Albumin Makes Living Mouse Brains Transparent - and the Effect Is Reversible
Kyushu University
Late one night in a Kyushu University lab, Assistant Professor Shigenori Inagaki returned to an idea so basic it seemed almost naive: proteins are polymers. He grabbed a bottle of bovine serum albumin - a common, inexpensive blood protein used in laboratories worldwide - and tested whether it could make brain tissue transparent without killing the cells.
He tested it three or four times before he believed the result. Alone in the lab, he let out a shout. Of all the nearly 100 compounds the team had screened over years of work, a protein that exists naturally in blood turned out to have the lowest osmotic pressure at precisely the refractive index needed to clear living tissue.
The reagent, named SeeDB-Live, is published March 12 in Nature Methods.
The physics of seeing through brains
Brain tissue is opaque for the same reason a bag of glass marbles looks cloudy in air but nearly transparent in oil. Light scatters when it passes between materials with different refractive indices - a measure of how much a material bends light. Inside the brain, lipids and other cellular components create countless tiny mismatches, scattering light and hiding structures deeper than a few hundred micrometers from microscopes.
The solution is conceptually simple: bathe the tissue in a liquid whose refractive index matches the cells, and light passes through uniformly. The team's systematic experiments determined that living cells become most transparent when the extracellular solution reaches a refractive index of 1.36 to 1.37.
The challenge was finding a molecule that could reach that refractive index without damaging the cells. Previous attempts used sugars, but these required concentrations so high they dehydrated cells through osmotic pressure. The team needed something large - large molecules require fewer particles to shift the refractive index, keeping osmotic pressure low.
From blood to brain clarity
Albumin, it turns out, checks every box. It is a large protein (roughly 66 kilodaltons), highly soluble, non-toxic to cells, and achieves the target refractive index at low osmotic pressure.

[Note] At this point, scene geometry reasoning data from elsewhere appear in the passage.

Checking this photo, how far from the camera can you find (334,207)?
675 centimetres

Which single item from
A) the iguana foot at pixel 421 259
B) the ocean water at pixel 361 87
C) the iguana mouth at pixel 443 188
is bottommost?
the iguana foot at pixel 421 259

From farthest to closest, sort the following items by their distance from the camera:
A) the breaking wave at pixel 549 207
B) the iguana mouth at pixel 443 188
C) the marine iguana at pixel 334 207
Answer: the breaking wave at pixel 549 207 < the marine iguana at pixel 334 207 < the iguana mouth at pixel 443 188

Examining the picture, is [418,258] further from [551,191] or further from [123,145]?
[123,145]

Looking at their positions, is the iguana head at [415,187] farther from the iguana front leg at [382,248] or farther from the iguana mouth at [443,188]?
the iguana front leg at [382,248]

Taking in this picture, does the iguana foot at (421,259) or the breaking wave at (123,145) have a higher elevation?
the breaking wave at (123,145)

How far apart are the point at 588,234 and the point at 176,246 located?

By adding albumin to culture medium at the right concentration, the team created a solution that renders mouse brain slices transparent within one hour of immersion.
When combined with calcium indicators - fluorescent molecules that light up when neurons fire - the transparent tissue revealed neuronal activity deep inside brain slices that would normally be invisible. Applied to living mouse brains through a surgical window, SeeDB-Live made fluorescence signals from deep neurons three times brighter than without the reagent.

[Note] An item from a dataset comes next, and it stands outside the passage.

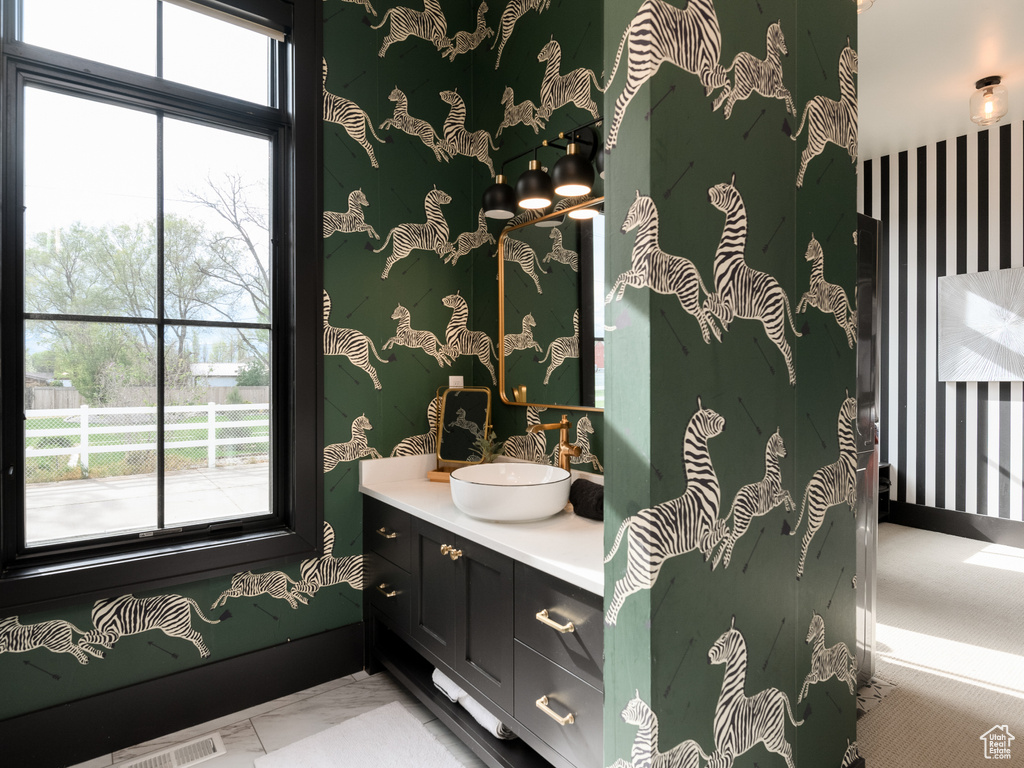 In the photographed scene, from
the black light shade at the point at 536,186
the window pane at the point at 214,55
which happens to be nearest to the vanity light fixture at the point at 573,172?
the black light shade at the point at 536,186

This opens clear views of layer 5 of the cerebral cortex, where richly branched neurons help process information and translate neural activity into action. Before SeeDB-Live, obtaining crisp images at this depth with standard two-photon microscopy was extremely difficult.
Reversible by design
Perhaps the most practically significant feature is that the effect washes out. The brain's own extracellular fluid clears the albumin within hours, returning tissue to its original opacity. Because the method causes no permanent changes, the same mouse can be imaged repeatedly to track brain activity over days or weeks.
Senior author Takeshi Imai, Professor at Kyushu University's Faculty of Medical Sciences, noted that albumin is abundant in blood and highly soluble, making it well-suited for clearing. He described the discovery as accidental in origin but almost natural in hindsight, a tribute to what evolution has shaped over millions of years.
A decade of being told it was impossible
The achievement has personal significance for Imai. He developed SeeDB for fixed (dead) tissue in 2013 and an improved version, SeeDB2, in 2016. After each publication, he was asked whether live tissue clearing was possible. By his count, the question came about a hundred times, and each time he answered that it was impossible.
Ten years later, the answer changed. The key was shifting from synthetic polymers to a biological molecule that evolution had already optimized for compatibility with living tissue.
Surgical windows and other constraints
SeeDB-Live is not without limitations. Accessing the brain in living mice still requires a surgical cranial window - an invasive procedure that can cause stress and inflammation, potentially affecting the tissue being studied. The reagent works well for brain tissue specifically, but biological barriers limit its delivery to other organs.
The technique has been demonstrated only in mice. Whether it translates to larger brains or different species is untested. The depth improvement, while substantial, does not make the entire brain transparent - it extends the imaging range by a meaningful but finite amount.
And the reliance on a surgical window means this is fundamentally a research tool for animal studies, not a clinical technique for human imaging. The path from clearing mouse brain tissue to any human application would be long and uncertain.
Inagaki acknowledged that the team has not yet fully realized the reagent's potential, noting that future efforts will focus on less invasive delivery methods to improve penetration for deeper imaging.
What seeing deeper could mean
Complex brain functions like memory and decision-making arise from the coordinated activity of neurons distributed across multiple layers. Existing imaging methods can observe superficial layers clearly but lose resolution with depth. By extending the range of live imaging, SeeDB-Live could help neuroscientists study how deep cortical neurons contribute to integrative brain functions - the kind of multi-layer coordination that defines cognition.
The reagent may also prove useful for evaluating three-dimensional brain organoids and tissue models used in drug discovery, where seeing deep into a structure without sectioning it is a persistent challenge.